Monday, August 14, 2017

20/20: #11 The Leftovers, Season 1

[Like the "10 for 10" series but a little longer.  It's my endeavor to clean the backlog slate (with some things watched well over a year ago now) this month with 20 reviews written in 20 minutes (each) over 20 days...
...Well...
After a 20 day break, I'm back to fulfil the last 10 of this failed 20/20 run.] 

I don't remember where I read it (probably the AV Club), but there was a poll of prominent TV critics, reviewing the 2016/2017 television season, and listing out the best/favourite of the bunch.  The Leftovers made the top of the list for its third and final season.
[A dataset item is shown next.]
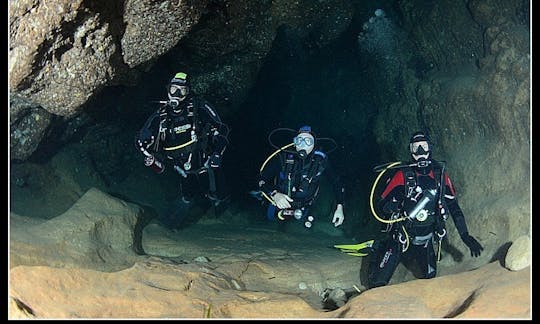 Enjoy Diving Trips & Courses in Alghero, Sardegna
I had heard about The Leftovers from a bunch of different people and sources, but David's review had always influenced my impression of it.  Heavy and depressing were most often the terms I heard referencing this show, set in a world where 3% of the population one day just disappears, and what follows after.  I was expecting some Rabbit Hole or Manchester By The Sea-type heaviness, but finally launching into it I was instead faced with a weird sci-fi-esque alt-reality, where there's two very different kinds of cults (one which follows a sort of faith healer, the other a group that take a vow of silence and poverty and absolution from all feeling) and numerous people just trying to figure out how to cope in this world, including the sheriff of Mapleton, NY, his daughter, his stepson, his wife, the town reverend, a woman who lost her entire family and a few others.  I found it far more intriguing than depressing.  There's some world building at play, things that would or could only happen in a reality like this, but also things that are logical extensions of how our world operates today.
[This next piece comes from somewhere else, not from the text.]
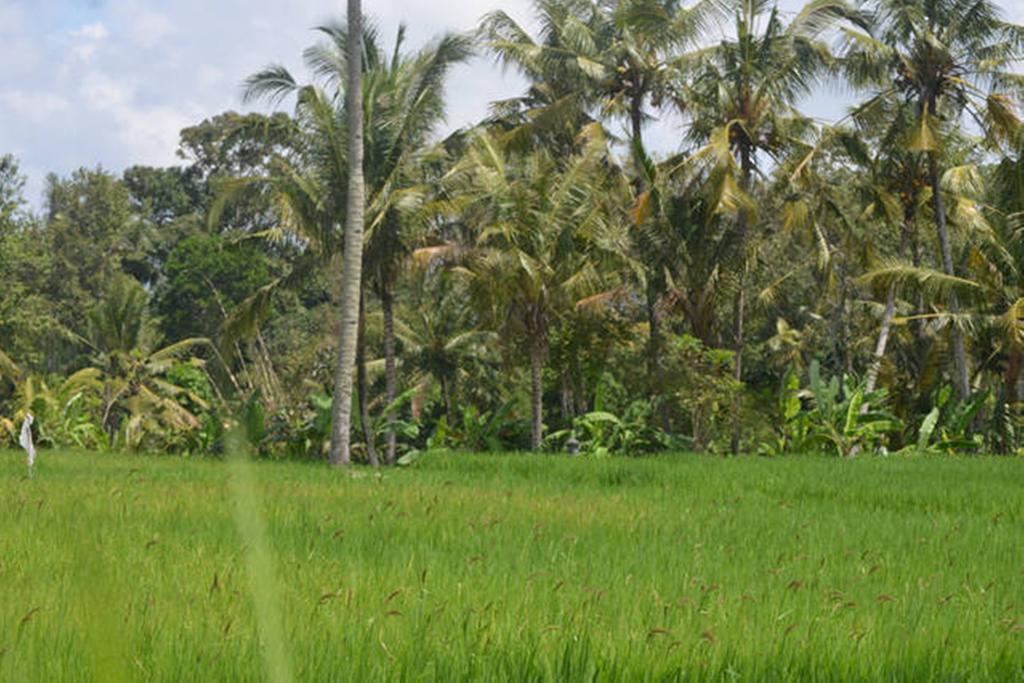 Villa Nyoman Ubud Extérieur photo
Symbolism abounds, much of which makes more sense emotionally than logically.  Religious symbolism particularly has a strange place in the show, as it's quite clear this wasn't "the Rapture" but some other phenomenon.  There's no easy answers, to be sure, and certainly traditional religion tries to help but it can't ease troubled minds.  Psychology fares no better.  The show strives for you to understand all the main characters' viewpoints, to empathize with them if not always maintaining your sympathy as a result of their actions.  There's a lot of lashing out, a lot of displaced anger, confusion, hurt, and especially guilt. 

If anything, it seems remarkably clear that the show is a metaphor for depression, in its many different manifestations.  Everyone in the show is afflicted with it in some form or another, manifesting in different ways, dealt with (or not dealt with) in different ways.  As David said in his review, the show just provides a trigger for it, but not necessarily a cause.  If the flashback episode 9 shows anything, it's that the melancholy was there even prior to the event.  The Leftovers provides an outlet for the purveying sense of existential dread, and doesn't seek to provide answers for getting past it.  If anything, season one shows that it's always a struggle, there are no short cuts, no easy answers, but that the possibility that it can get better does exist.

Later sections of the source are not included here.